Она похожа на Чёрного принца, – сказала я.
Она похожа на нормаль­ного гени­аль­ного поэта, – ответил Иосиф.

Она похожа на нормаль­ного гени­аль­ного поэта…
Попытка порт­рета.
Кари наез­жала в Таллинн внезапно, без преду­пре­ждения, и так же внезапно исче­зала. Где-то оста­нав­ли­ва­лась, ездила в Тарту слушать лекции Ю. М. Лотмана, обща­лась с тартус­кими фило­ло­гами. Приво­зила новые стихи и всегда охотно читала их нашей небольшой и по-преж­нему безмолвно внима­ющей ей ауди­тории. И она сама, и её тексты обре­тали опре­де­лённую власть над нами. Мы никогда не обсуж­дали их между собой в её отсут­ствии и не требо­вали от неё коммен­та­риев, не расспра­ши­вали о её таин­ственной для нас жизни. Просто слушали и доволь­ство­ва­лись тем немногим, что расска­зы­вала она сама. За преде­лами Таллинна у неё была неве­домая нам жизнь, круг общения в Ленин­граде, Москве, в Тбилиси. У Кари не было обык­но­вения сводить людей друг с другом… Помнится, она назы­вала имена А. Воло­хон­ского и А. Хвостенко, считая их поэти­че­скими мэтрами и чуть ли не своими учите­лями. Нам эти имена ничего не гово­рили; когда Кари прочи­тала однажды несколько их текстов, я назвала авторов «побеж­дён­ными учите­лями». Мне пока­за­лось, что Кари обиде­лась за них. Видимо, она доро­жила этими отношениями.

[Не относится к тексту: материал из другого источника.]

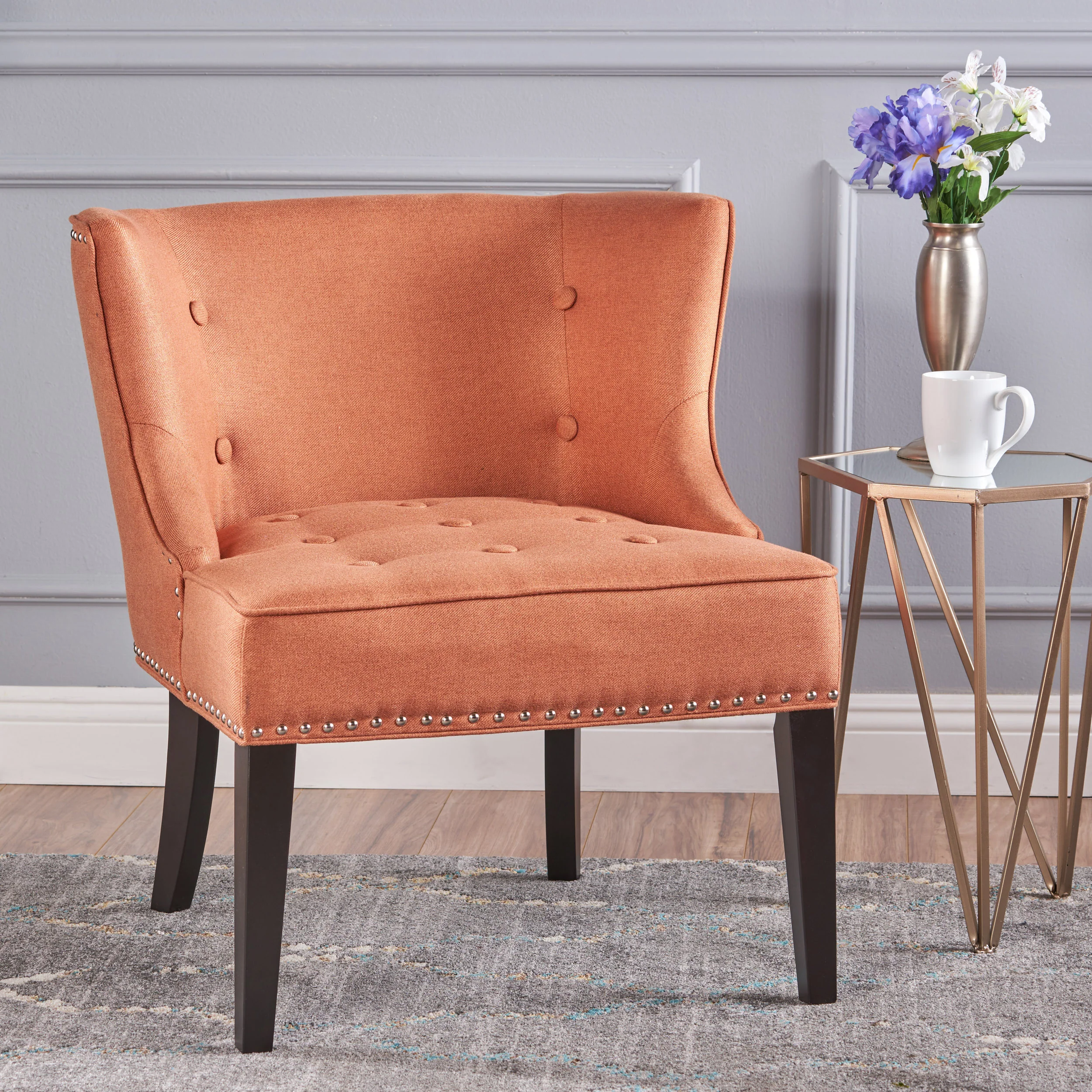 Adelina Contemporary Upholstered Accent Chair with Nailhead Trim - furnishings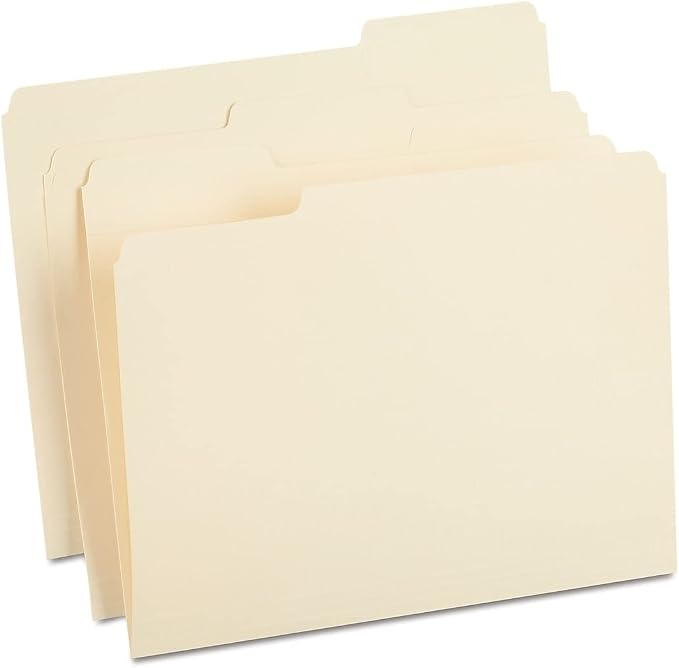 Staples 100% Recycled Heavyweight Reinforced File Folders, 1/3-Cut Tab, Letter Size, Manila, 50/Box (ST452830/452830)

…Как я сейчас понимаю, притя­га­тель­ность Кари, для меня, во всяком случае, заклю­ча­лась прежде всего в каком-то подсо­зна­тельном и пора­зи­тельном ощущении абсо­лютной адек­ват­ности её личности и её поэзии, внеш­ности и манеры гово­рить, двигаться, улыбаться, слушать.
Статная фигура, царственный лоб; лицо не то чтобы красивое, но удиви­тельное в ясности и опре­де­лён­ности черт, не тронутое какими-либо косме­ти­че­скими ухищ­ре­ниями, из тех редких лиц, о которых говорят: вне моды и на все времена. Она была друже­любна, ровна в настро­ении, всегда привет­лива. Обла­дала отменным, несу­етным чувством юмора.
Притом, что много и охотно читала свои стихи, гово­рила мало и больше слушала. Никогда не всту­пала в дискуссии и споры, о чём бы то ни было. Могла по-детски и радостно восхи­титься чем-то, но сето­вать, жало­ваться, обли­чать или пори­цать кого-то – никогда.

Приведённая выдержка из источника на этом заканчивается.